The Senate passes it, and then requires the documents to be provided or the minister to come and make a statement. The documents are not provided. And then the minister comes and makes a statement, which is basically to say what they said originally to the question on notice! It is simply not acceptable. It's not how this place should work. It's not how this chamber was set up to work. And the longer this tired old government—eight years in—goes on, the worse it's going to get, because there is seemingly no consequence to this.

The job that the Senate asked us to do—asked me, as chair of the committee, and my colleagues, including Senator Patrick, who has attended most of those hearings—was to scrutinise the response. That job is impacted because of this government's unwillingness to provide information. The information is things like the Doherty modelling and the presentation that was provided to first ministers. Why on earth should the Australian public not have access to that information? It's AHPPC minutes from when the first lockdowns happened and the advice that was given. Again, why are the Australian public not entitled to that information? These are important decisions that were taken and information that has been withheld. This is a ridiculous one: the presentation by the Productivity Commission to national cabinet on the economic recovery—I presume, because we haven't seen it—was not allowed. Then, when we've again asked for that, following Senator Patrick's successful case through the AAT, and we've again put it back on notice, saying: 'Justice White has found that national cabinet is not a committee of cabinet, and therefore your blanket cabinet-in-confidence argument is tossed out, so please provide this document,' the answer has come back: 'No, we're not providing it.'

When you do an FOI on any correspondence that was engaged in, about, 'How did you come to that decision?' you see it's all coming from the Prime Minister's department. All these departments are going: 'Oh, the committee's after those documents again. What do we say?' and it's a coordinated refusal to provide that information—'Oh, we can't'—that comes back from PM&C. They've got all their hands on it. Health admitted as much—that they had consulted PM&C about their response before refusing, again, to provide the information to the Senate that was called for by the Senate.

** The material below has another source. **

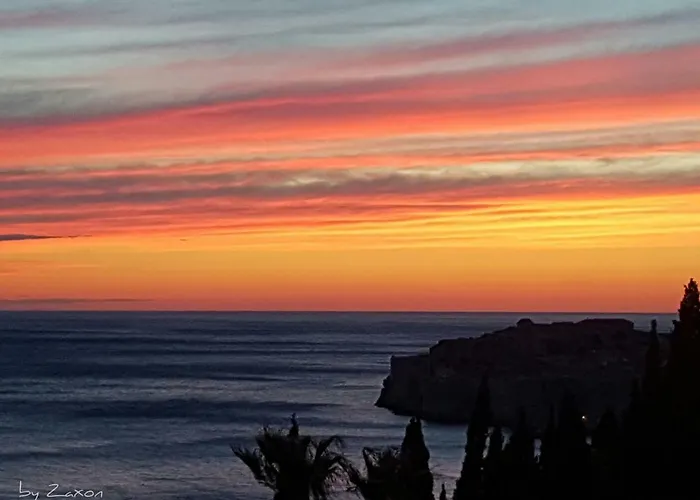 招待所 斯维耶可夫公寓 3*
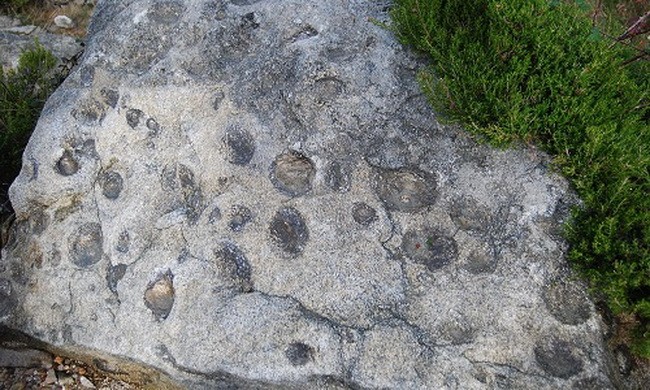 Tảng đá "sinh con" trong hàng trăm năm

The thing is: when you are in opposition and you are trying to do this, we will remind you of this—of the fact that you are trashing convention and practice of the Senate. So we have to stand up for it. We have to argue for transparency and accountability—and not just what you choose, because it seems to me that the approach the government has taken is: 'We will choose what access Senate committees have to information.' And that's not how the system was set up to work. It was that the Senate had the power to call for documents, to require documents, to order documents if they weren't provided. It was not executive government deciding: 'You know what? You can have half of this and a quarter of that and none of that.' That is what's happened and that is why the Senate committee has reported, for a third time, rejecting public interest immunity claims by this government—excepting one. We have excepted one, because the argument was made and we accepted that. But on the other ones—access to important information—we haven't accepted it, and the Senate yesterday voted to require the government to provide it. And we got this—a speech about how great the government's been, how great it's going to be and how great it's always been, 'But, by the way, you're not getting access to anything.' It's just not good enough.

I'll leave some time for Senator Patrick to make some other comments. But this is impacting on the work that we are able to do on the job that we have been given by the Senate. It is an arrogant, out-of-touch, conceited government that treats the Senate with such disrespect.